Now before we get ahead of ourselves, yes PC gamers essentially deal with this situation all the time. Within a year or two, PC parts get upgraded and games run better on the newer parts than they do on previous hardware. Yadda yadda PC Master Race. But here’s the thing: the best thing about consoles is that they aren’t PCs. They can play all the games released for them and only need a $500-600 upgrade every six or so years (providing your original unit never fails) instead of annually like with graphics cards (if you want to stay on top of course).
We on the same page? Excellent.
So, if games are going to be playable on both the PS4K and the PS4, and the former does indeed provide better frame rate performance than the latter, then you can be sure that soon the majority of games will be designed to run on the newer unit with compatibility on the older one considered an afterthought.

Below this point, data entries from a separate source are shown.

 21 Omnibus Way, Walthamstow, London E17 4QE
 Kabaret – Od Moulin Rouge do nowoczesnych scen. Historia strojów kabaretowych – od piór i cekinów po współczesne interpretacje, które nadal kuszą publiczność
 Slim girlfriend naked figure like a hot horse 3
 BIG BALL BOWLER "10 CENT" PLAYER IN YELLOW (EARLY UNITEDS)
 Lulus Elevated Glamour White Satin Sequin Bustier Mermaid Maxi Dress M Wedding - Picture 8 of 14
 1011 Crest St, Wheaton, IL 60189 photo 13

We’ve seen evidence of this kind of thing before, such as when the PS4 first launched and its games were also being released on the older PS3. Sure, all the sports games worked fine, but they’re hardly technical powerhouses. The more technical major releases were conceptualised, designed and developed for the newer hardware’s capabilities, then stripped back to the bone to get it working on the previous tech. Look at something like 2014’s Shadow of Mordor as an example, whose previous generation version was a frame dropping mess with excruciating load times.

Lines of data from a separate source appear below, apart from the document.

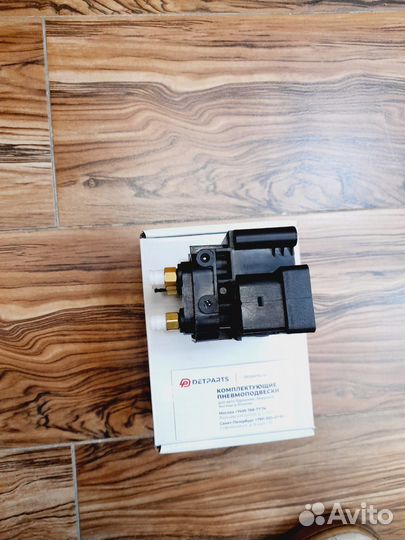 Блок клапанов Mercedes-Benz GL-class X166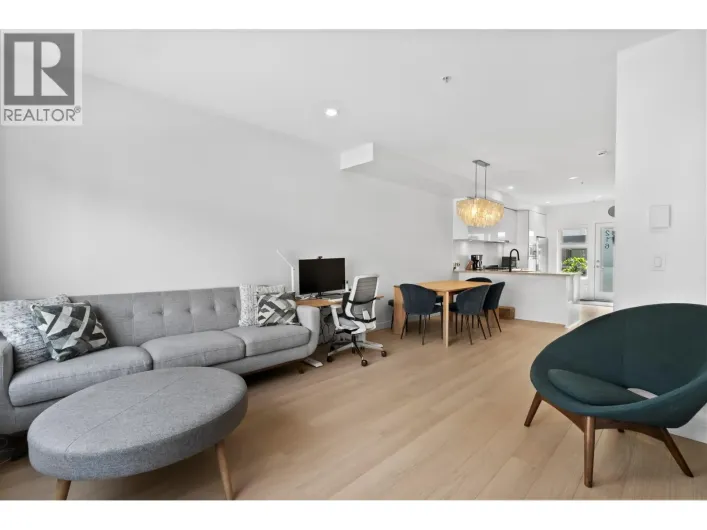 216 455 E 16TH AVENUE, Vancouver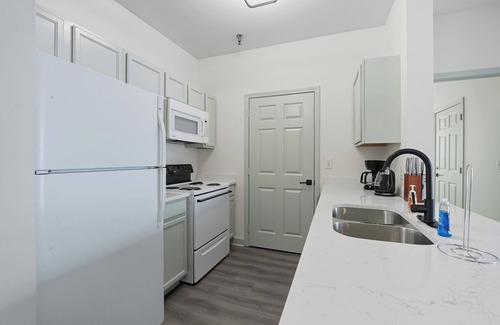 University District Apartment | Contemporary 2BR/2BA with Great Amenities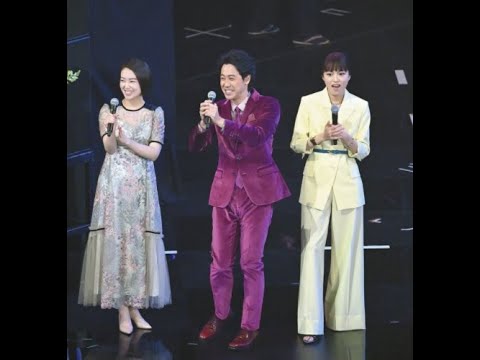 大泉洋、川口春奈、NHK和久田麻由子アナウンサーの司会3人は『カラフル』な衣装で登場 大泉はいきなりボケる【紅白歌合戦】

But hey, it still technically ran on the PS3 right? But the PS3 was seven years older than the PS4, whereas the PS4 will only be around three years older than the PS4K. That’s too soon to render it the inferior option, especially for anyone who got one at Christmas or sooner.
Another hypothesis is that since the PS4K is said to be releasing around October, it might be designed to provide extra grunt for Playstation VR, which releases at the same time. Since VR is very reliant on high frame rates, around 90 frames per second, the extra power would allow higher quality games to run at that level. If this is true, that’s just a huge spit in the face of everyone who has been excited for PSVR, myself included, since all we were told we needed to run it was a PS4, rather than a $2000 plus PC like the Rift or Vive.
If it turns out what they really meant was you need a better, newer PS4 to run PSVR properly, and the original unit is the just a passable alternative, then that is one heck of a misleading hype campaign.
Regardless, it is probably a bit too soon to be freaking out about this new PS4 model until Sony officially confirms what the heck it is. But the idea of a mid-generation hardware upgrade is still an interesting prospect to discuss, and one that for the reasons I’ve outlined above I feel is a terrible idea.
I have no qualms with a slim-line model that improves the power efficiency and cooling (like what the last PS4 upgrade already does) or even one that runs the games at the exact same quality as the original model but can upscale it to higher resolution. But a console that is more powerful and runs the games at a higher quality and than previous models defeats the whole purpose of console gaming: where the machine you buy will play all the games released for it, in the way it was intended to be played.
My PS4 is only two and a half years old, don’t render it inferior just yet Sony.